(Caption-style text data)

════

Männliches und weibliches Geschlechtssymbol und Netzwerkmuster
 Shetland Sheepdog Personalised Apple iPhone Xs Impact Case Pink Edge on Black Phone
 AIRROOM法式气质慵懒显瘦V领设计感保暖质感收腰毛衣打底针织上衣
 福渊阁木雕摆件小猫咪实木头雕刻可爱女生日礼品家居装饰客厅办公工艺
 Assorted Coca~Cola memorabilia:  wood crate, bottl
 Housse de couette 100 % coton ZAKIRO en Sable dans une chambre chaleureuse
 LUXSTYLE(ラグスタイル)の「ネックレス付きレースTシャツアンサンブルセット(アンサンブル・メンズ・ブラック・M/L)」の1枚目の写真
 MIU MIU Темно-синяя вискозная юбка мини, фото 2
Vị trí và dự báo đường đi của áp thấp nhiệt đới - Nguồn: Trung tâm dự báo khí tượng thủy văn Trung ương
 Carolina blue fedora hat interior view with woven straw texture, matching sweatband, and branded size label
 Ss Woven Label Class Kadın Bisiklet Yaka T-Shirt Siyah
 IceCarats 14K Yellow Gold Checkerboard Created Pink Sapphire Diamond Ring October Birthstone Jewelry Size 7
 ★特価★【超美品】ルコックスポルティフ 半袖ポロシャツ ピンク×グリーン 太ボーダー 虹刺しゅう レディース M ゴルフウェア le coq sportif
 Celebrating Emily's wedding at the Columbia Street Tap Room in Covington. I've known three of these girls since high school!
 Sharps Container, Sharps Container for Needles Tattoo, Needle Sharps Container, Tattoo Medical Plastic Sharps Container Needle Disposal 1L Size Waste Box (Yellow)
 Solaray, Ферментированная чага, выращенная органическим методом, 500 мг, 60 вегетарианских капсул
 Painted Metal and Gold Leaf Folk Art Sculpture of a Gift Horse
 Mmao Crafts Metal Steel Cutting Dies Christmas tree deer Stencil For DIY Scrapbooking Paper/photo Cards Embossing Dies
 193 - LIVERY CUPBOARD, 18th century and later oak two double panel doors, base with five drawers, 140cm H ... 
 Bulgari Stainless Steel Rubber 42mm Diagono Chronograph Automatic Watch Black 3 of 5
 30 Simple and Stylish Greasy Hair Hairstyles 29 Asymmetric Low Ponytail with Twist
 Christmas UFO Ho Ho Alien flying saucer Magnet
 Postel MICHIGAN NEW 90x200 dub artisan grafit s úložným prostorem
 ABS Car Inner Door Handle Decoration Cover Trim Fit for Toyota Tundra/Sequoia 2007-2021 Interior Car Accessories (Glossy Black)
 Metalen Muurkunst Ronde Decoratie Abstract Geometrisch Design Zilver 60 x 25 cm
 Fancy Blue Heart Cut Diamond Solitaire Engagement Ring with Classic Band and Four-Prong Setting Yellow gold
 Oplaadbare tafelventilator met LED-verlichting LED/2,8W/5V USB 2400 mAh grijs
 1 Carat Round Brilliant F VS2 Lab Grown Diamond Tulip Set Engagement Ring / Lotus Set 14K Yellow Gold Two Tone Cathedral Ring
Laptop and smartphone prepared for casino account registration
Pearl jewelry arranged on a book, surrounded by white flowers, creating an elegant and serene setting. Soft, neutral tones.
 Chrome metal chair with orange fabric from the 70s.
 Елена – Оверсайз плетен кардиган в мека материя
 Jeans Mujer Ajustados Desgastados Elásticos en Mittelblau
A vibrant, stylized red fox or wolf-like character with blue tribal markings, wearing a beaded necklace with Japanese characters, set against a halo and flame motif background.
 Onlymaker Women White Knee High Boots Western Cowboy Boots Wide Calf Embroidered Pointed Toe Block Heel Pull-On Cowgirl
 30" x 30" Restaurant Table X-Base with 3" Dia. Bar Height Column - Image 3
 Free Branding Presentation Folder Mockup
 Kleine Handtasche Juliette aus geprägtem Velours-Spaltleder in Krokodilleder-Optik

════

Your task: Show the lines of the entries that include the string "Yellow", copying each in full.

Task result:
 IceCarats 14K Yellow Gold Checkerboard Created Pink Sapphire Diamond Ring October Birthstone Jewelry Size 7
 Sharps Container, Sharps Container for Needles Tattoo, Needle Sharps Container, Tattoo Medical Plastic Sharps Container Needle Disposal 1L Size Waste Box (Yellow)
 Fancy Blue Heart Cut Diamond Solitaire Engagement Ring with Classic Band and Four-Prong Setting Yellow gold
 1 Carat Round Brilliant F VS2 Lab Grown Diamond Tulip Set Engagement Ring / Lotus Set 14K Yellow Gold Two Tone Cathedral Ring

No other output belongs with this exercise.